[Opening DATA section]

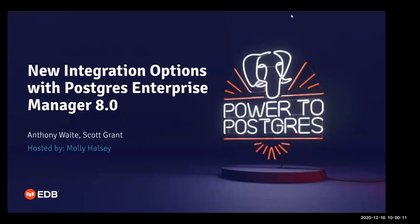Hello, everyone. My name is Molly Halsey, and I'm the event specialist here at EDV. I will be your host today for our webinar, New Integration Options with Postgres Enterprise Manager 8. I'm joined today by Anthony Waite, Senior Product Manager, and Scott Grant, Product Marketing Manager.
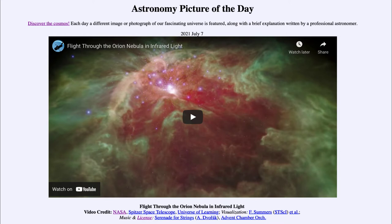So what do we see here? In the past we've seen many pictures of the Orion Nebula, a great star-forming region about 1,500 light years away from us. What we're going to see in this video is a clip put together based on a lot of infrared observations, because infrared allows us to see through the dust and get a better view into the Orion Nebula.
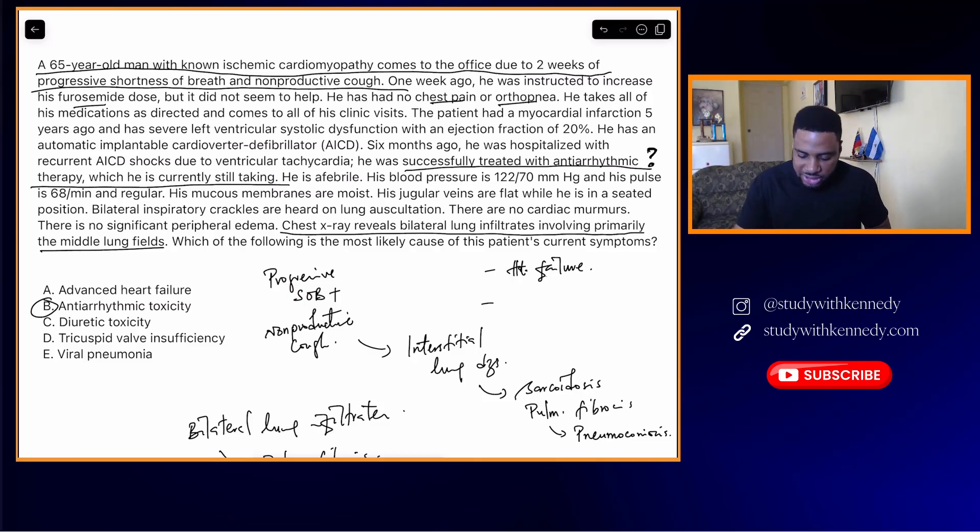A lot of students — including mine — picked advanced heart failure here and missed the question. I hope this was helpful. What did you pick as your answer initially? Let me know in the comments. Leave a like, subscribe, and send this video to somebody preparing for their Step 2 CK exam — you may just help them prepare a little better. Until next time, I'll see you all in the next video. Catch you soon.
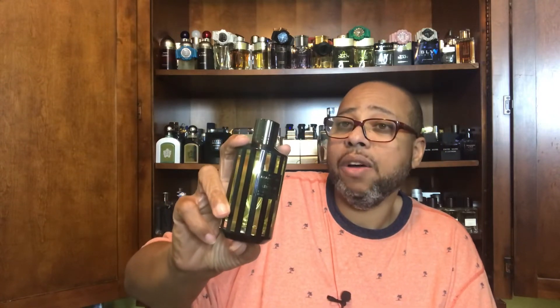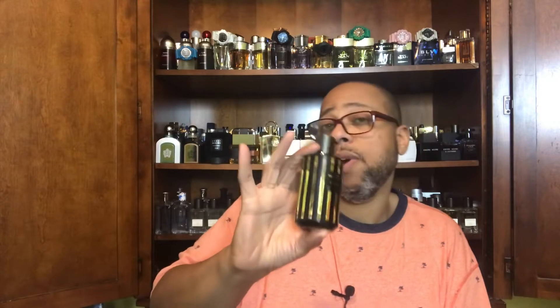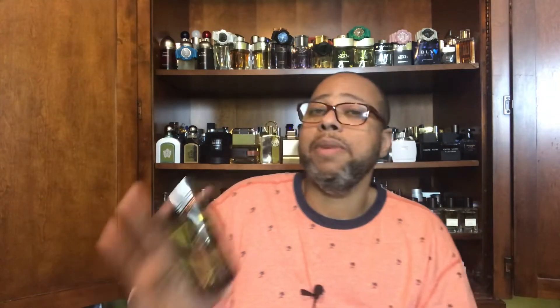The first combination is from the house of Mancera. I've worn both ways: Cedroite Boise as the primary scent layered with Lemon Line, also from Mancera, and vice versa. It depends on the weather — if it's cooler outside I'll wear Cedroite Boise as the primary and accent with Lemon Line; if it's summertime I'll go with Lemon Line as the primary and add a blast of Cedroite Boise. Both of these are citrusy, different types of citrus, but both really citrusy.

[Closing DATA section]
[Opening DATA section]

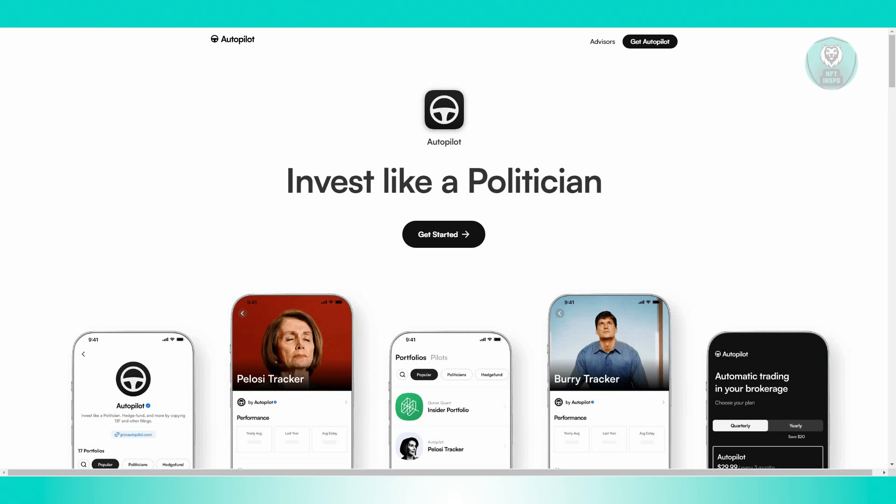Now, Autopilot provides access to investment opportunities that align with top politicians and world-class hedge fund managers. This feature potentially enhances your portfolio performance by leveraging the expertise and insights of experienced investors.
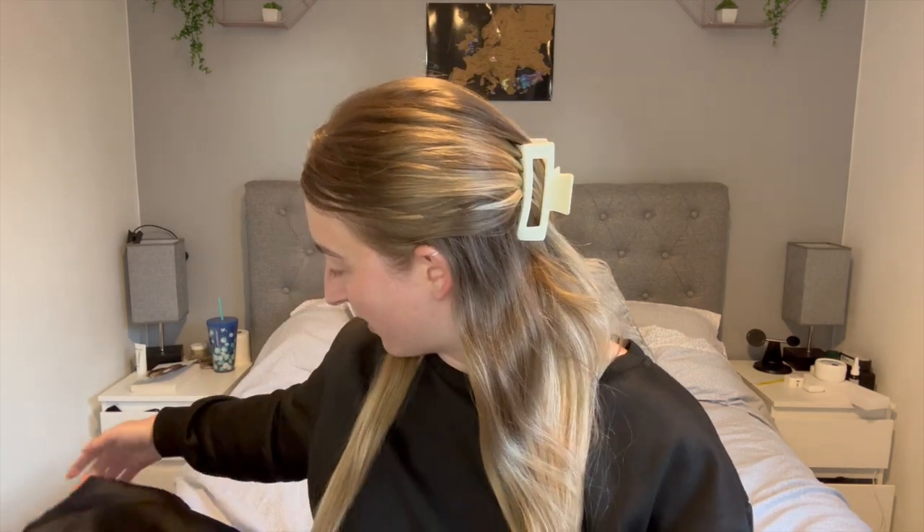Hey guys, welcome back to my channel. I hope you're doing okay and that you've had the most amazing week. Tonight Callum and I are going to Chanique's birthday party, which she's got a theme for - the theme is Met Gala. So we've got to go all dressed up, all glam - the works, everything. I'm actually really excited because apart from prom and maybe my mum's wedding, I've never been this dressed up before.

[Closing DATA section]
[Opening DATA section]

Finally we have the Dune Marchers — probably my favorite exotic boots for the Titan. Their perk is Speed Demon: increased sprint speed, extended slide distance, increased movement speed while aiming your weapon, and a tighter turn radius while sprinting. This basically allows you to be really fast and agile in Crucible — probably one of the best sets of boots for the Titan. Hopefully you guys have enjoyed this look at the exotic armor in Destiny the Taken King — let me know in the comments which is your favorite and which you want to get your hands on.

[Closing DATA section]

ABOUT THIS TASK: Given the listing above, retype only the span of lines from the line with "A lot of students" up to and including the line with "The first combination", exactly as it stands and without pictures.

ANSWER TO THIS TASK:
A lot of students — including mine — picked advanced heart failure here and missed the question. I hope this was helpful. What did you pick as your answer initially? Let me know in the comments. Leave a like, subscribe, and send this video to somebody preparing for their Step 2 CK exam — you may just help them prepare a little better. Until next time, I'll see you all in the next video. Catch you soon.
The first combination is from the house of Mancera. I've worn both ways: Cedroite Boise as the primary scent layered with Lemon Line, also from Mancera, and vice versa. It depends on the weather — if it's cooler outside I'll wear Cedroite Boise as the primary and accent with Lemon Line; if it's summertime I'll go with Lemon Line as the primary and add a blast of Cedroite Boise. Both of these are citrusy, different types of citrus, but both really citrusy.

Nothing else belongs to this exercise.